Exercise material:
—————

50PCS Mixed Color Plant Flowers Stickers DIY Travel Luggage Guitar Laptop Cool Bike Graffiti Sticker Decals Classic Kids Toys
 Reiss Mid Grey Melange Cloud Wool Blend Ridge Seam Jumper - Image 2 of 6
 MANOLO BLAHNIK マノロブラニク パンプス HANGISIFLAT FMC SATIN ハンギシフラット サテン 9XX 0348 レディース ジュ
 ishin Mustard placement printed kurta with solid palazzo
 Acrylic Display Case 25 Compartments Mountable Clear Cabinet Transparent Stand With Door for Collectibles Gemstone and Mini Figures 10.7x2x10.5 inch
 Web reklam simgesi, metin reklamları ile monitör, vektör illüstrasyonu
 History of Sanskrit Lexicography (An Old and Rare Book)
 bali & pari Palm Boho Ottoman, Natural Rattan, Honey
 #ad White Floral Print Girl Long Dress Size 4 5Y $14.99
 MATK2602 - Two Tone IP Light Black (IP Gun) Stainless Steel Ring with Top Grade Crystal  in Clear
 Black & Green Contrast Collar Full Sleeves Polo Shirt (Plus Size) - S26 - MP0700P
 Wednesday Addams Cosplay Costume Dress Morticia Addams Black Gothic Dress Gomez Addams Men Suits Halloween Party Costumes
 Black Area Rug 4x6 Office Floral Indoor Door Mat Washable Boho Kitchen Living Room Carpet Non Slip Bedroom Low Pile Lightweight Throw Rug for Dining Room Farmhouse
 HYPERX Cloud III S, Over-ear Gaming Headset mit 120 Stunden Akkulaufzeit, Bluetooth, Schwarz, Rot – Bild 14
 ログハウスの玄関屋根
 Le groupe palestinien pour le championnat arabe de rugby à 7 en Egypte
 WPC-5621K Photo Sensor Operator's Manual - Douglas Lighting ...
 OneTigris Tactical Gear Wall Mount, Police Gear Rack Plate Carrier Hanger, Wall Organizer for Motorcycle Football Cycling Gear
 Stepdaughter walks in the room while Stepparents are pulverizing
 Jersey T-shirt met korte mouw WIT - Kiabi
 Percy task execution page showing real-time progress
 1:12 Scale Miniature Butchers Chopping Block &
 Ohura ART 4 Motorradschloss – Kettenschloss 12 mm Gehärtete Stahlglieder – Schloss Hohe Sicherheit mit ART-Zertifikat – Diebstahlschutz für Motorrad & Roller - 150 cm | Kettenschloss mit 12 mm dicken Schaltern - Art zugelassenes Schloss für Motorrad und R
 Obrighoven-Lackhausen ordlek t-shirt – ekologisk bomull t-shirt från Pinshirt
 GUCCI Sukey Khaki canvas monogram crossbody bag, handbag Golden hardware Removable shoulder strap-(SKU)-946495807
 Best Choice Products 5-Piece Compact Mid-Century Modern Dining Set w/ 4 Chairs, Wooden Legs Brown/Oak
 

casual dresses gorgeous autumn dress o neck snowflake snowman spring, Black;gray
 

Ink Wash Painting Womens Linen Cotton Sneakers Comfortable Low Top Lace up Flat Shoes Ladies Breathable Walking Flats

—————

Work to complete:
Take the stretch of lines above from the one containing "Wednesday Addams Cosplay" through the one containing "Le groupe palestinien" and repeat it exactly, adding no other line.

Written reply:
 Wednesday Addams Cosplay Costume Dress Morticia Addams Black Gothic Dress Gomez Addams Men Suits Halloween Party Costumes
 Black Area Rug 4x6 Office Floral Indoor Door Mat Washable Boho Kitchen Living Room Carpet Non Slip Bedroom Low Pile Lightweight Throw Rug for Dining Room Farmhouse
 HYPERX Cloud III S, Over-ear Gaming Headset mit 120 Stunden Akkulaufzeit, Bluetooth, Schwarz, Rot – Bild 14
 ログハウスの玄関屋根
 Le groupe palestinien pour le championnat arabe de rugby à 7 en Egypte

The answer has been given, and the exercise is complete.